3. La complementariedad entre las reformas es clave para configurar la flexibilidad del mercado y el crecimiento de la productividad. El análisis del impacto de las reformas estructurales basado en la evidencia requiere un conocimiento muy profundo de las configuraciones institucionales del país en cuestión, que tenga en cuenta y permita explotar tales complementariedades.
4. Hay que evitar la auto-señalización en el análisis de los efectos de las reformas estructurales. Demasiadas veces se han declarado las reformas estructurales como exitosas solo por conveniencias de la coyuntura política y sin evidencia convincente sobre sus efectos y el correcto funcionamiento del mecanismo de transmisión contemplado para la justificación de tales reformas.

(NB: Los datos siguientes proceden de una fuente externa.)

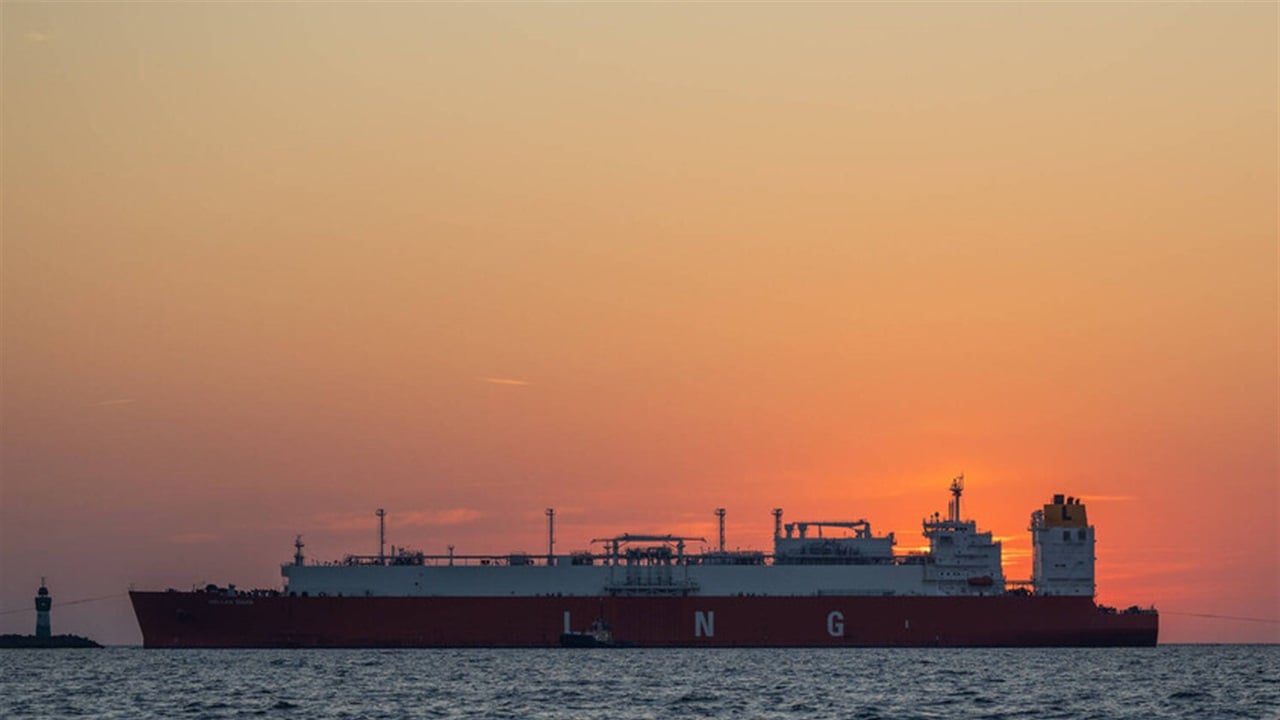 ناقلة غاز اماراتية تعبر مضيق هرمز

5. Durante las últimas décadas en Europa, el momento de las reformas estructurales no ayudó a aumentar su efectividad, ya que se implementaron en su mayoría durante los períodos de recesión. Esto es particularmente relevante en el análisis de las reformas durante la crisis. Hay quien sostiene que la política económica tiene que seguir recomendaciones basadas en la enseñanza religiosa (católica, por supuesto). Sin entrar a discutir tal posición, sí parece que en este caso quizá habría que aprender de la máxima jesuita y hacer con mucha más frecuencia las reformas estructurales en tiempos de bonanza, y no esperar a hacerlas irremediablemente cuando llegue la próxima crisis.